In 2020, Kangu’s revenues grew by a factor of 100 year on year. In addition to its pick-up and drop-off points, the company’s business model includes shipping services supported by external partners and reverse logistics. Kangu has been able to optimize deliveries and offer additional services thanks to its investment in technology, especially intelligent data management.
“In the past few years the Mercado Livre partnership has driven rapid growth across our operation and we will continue growing to better serve our current and future customers,” said Marcelo Guarnieri, Kangu founder and co-CEO. “We already operate 2.6 thousand points and five of our own cross-docking site in Brazil alone. We expect this to rise to 3.5 thousand points and 13 cross-docking sites by December.”
Kangu will remain independent and will continue to be managed by its co-CEOs. It will continue its strategy of attracting new e-commerce sellers who require efficient collection, delivery and reverse logistics solutions. “Kangu’s market share has mainly risen because of the positive impact we have across the chain. We will continue serving Mercado Livre and other companies and developing new services,” noted Ricardo Araujo, Kangu founder and co-CEO.

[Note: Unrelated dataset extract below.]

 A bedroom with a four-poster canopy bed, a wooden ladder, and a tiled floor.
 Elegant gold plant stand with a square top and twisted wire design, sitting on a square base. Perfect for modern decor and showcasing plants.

The Kangu acquisition will reinforce Mercado Livre’s business ecosystem as part of its strategy which involves the provision of services from third-party logistics companies, reducing delivery times and expanding capacity at Mercado Envios, its logistics arm. This business unit shipped over 230.5 million items in the second quarter, up 46.4% from Q2 2020. The transaction is subject to approval from competition regulators.